Almost 200 whales have perished at an exposed, surf-swept beach on the rugged west coast of Tasmania, where Australian rescuers were only able to save a few dozen survivors Thursday.
After an arduous, day-long effort in difficult conditions, state wildlife services said just 32 of the 226 beached long-finned pilot whales were strong enough to be rescued.
"We've been refloating those whales that have been deemed suitable for release back to sea," Sam Thalmann, a marine biologist, told AFP.
"Every whale that has been released has been tagged," he said. "There may be a few that restrand unfortunately, but we expect that by far the majority will head out to sea."
Locals had covered some of the mammals with blankets and doused them with buckets of seawater to keep them alive until more help arrived.
But many of the whales were too far gone.
By nightfall, scores of the glossy black whales were strewn along Ocean Beach, their carcasses pock-marking the waterline where the frigid southern ocean meets the sand.
"Unfortunately we do have a high mortality rate on this particular stranding," said state wildlife operations manager Brendon Clark.

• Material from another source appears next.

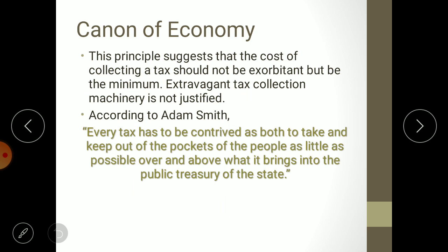The third canon given by Adam Smith is the canon of economy. This principle suggests that the cost of collecting a tax should not be exorbitant but be the minimum. Extravagant tax collection machinery is not justified. To collect tax, the government needs to run a separate department, hire highly paid government employees, provide training, acquire real estate for office space, and develop a system with various documents and penalties.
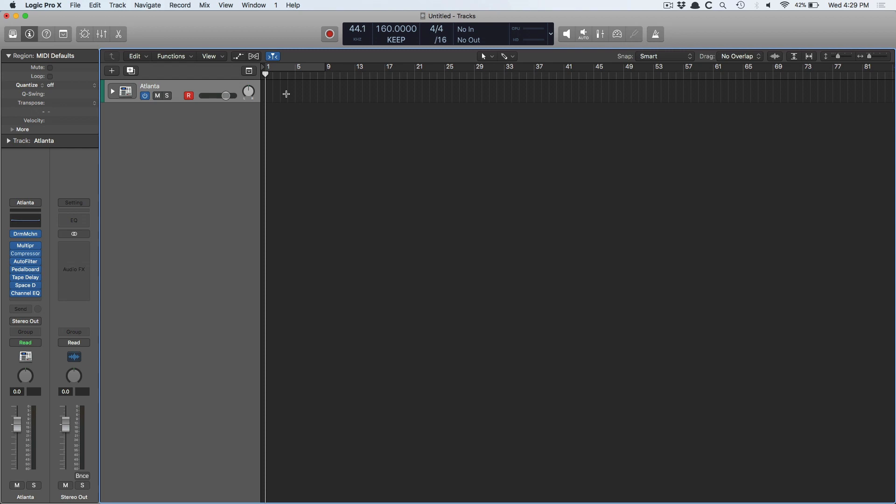They released the step sequencer for painting in drums, and it's awesome. It looks really cool — it reminds me of Fruity Loops. And it reminded me how awesome we have it in Logic to do the same thing, if not better.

"The environmental conditions, the surf out there on the exposed west coast, Ocean Beach, is certainly taking its toll on the animals."
Efforts will now turn to the considerable task of disposing of the whale bodies safely.
If left in shallow waters or on the beach, they could attract sharks and can carry disease.
"There is a lot more work to be done with the carcass disposal," said Thalmann, who added that "valuable biological samples" would need to be collected from the animals.
Those could help scientists understand how and why "the animals strand at this location".
"There (are) certainly some local characteristics that lead to this spot being repeatedly a site for mass whale stranding."
Two years ago, Macquarie Harbour was the scene of the country's largest-ever mass stranding, involving almost 500 pilot whales.
More than 300 pilot whales died during that event, despite the efforts of dozens of volunteers who toiled for days in Tasmania's freezing waters to free them.
Clark said the conditions of the latest stranding were tougher for the whales than two years ago, when the animals were in "much more sheltered waters".
- Distress signals -
Scientists still do not fully understand why mass strandings occur.
Some have suggested pods go off track after feeding too close to shore.
Pilot whales -- which can grow to more than six metres (20 feet) long -- are also highly sociable, so they may follow pod-mates who stray into danger.
That sometimes occurs when old, sick or injured animals swim ashore and other pod members follow, trying to respond to the trapped whale's distress signals.
Others believe gently sloping beaches like those found in Tasmania confuse the whales' sonar, making them think they are in open waters.
The latest stranding came days after a dozen young male sperm whales were reported dead in a separate mass stranding on King Island -- between Tasmania and the Australian mainland.
State officials said that incident may have been a case of "misadventure".
Strandings are also common in nearby New Zealand.
There, around 300 animals beach themselves annually, according to official figures, and it is not unusual for groups of between 20 and 50 pilot whales to run aground.
But numbers can run into the hundreds when a "super pod" is involved -- in 2017, there was a mass stranding of almost 700 pilot whales.